Review: Jurassic World

Colin Trevorrow’s return to the Jurassic is more postmodern than prehistoric. reviews





Director: Colin Trevorrow

Starring: Bryce Dallas Howard, Chris Pratt

Running Time: 130 minutes

“No one’s impressed by a dinosaur anymore”, says operations manager Clare (Bryce Dallas Howard) as she struts along the shiny new corridors of the Jurassic World research facility. John Hammond’s vision of a prehistoric theme park has been realised at last, but already its patrons are demanding a new cash cow-o-saurus that is “bigger”, “cooler” and “scarier” than those previously resurrected. And Colin Trevorrow clearly feels the same commercial imperative as director. Since Stephen Spielberg’s Jurassic Park in ‘93, CGI monsters have become reduced to mere cliché.  Trevorrow too must deliver more, more, more. His blockbuster sequel is an oddly conscious metaphor for itself.

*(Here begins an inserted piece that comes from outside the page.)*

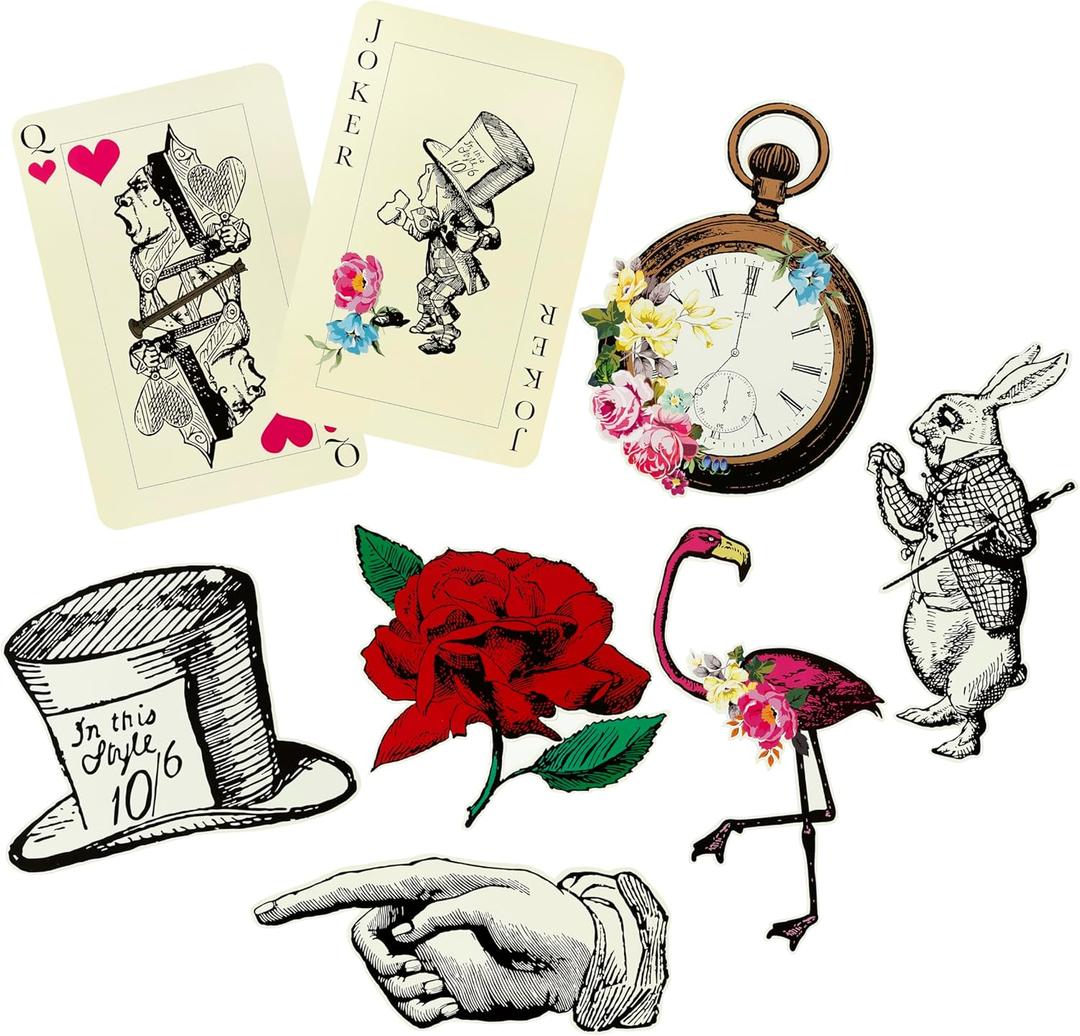 Pack of 8 Alice in Wonderland Props - Oversized Decorations, Party Supplies For Mad Hatter Tea Party, Birthday, Afternoon Teas, Baby Shower, Garden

Clare certainly has a point, then: good ol’ Tyrannosaurus rex just doesn’t cut it for the jaded cinema-goer of today who yawns at Godzilla. The former is consigned to storage as 2015’s mad scientists cook up a more dangerous killer reptile for us to feast our overfed eyes on. Their new creation is dubbed “Indominus rex”, a genetic hybrid of T-rex and velociraptor with some tree frog and cuttlefish thrown in. The laws of Hollywood science dictate that the 40-foot creature can therefore camouflage, evade infrared sensors, and coordinate her dino attacks with enhanced problem-solving skills. She’s a big, cool, scary antagonist indeed.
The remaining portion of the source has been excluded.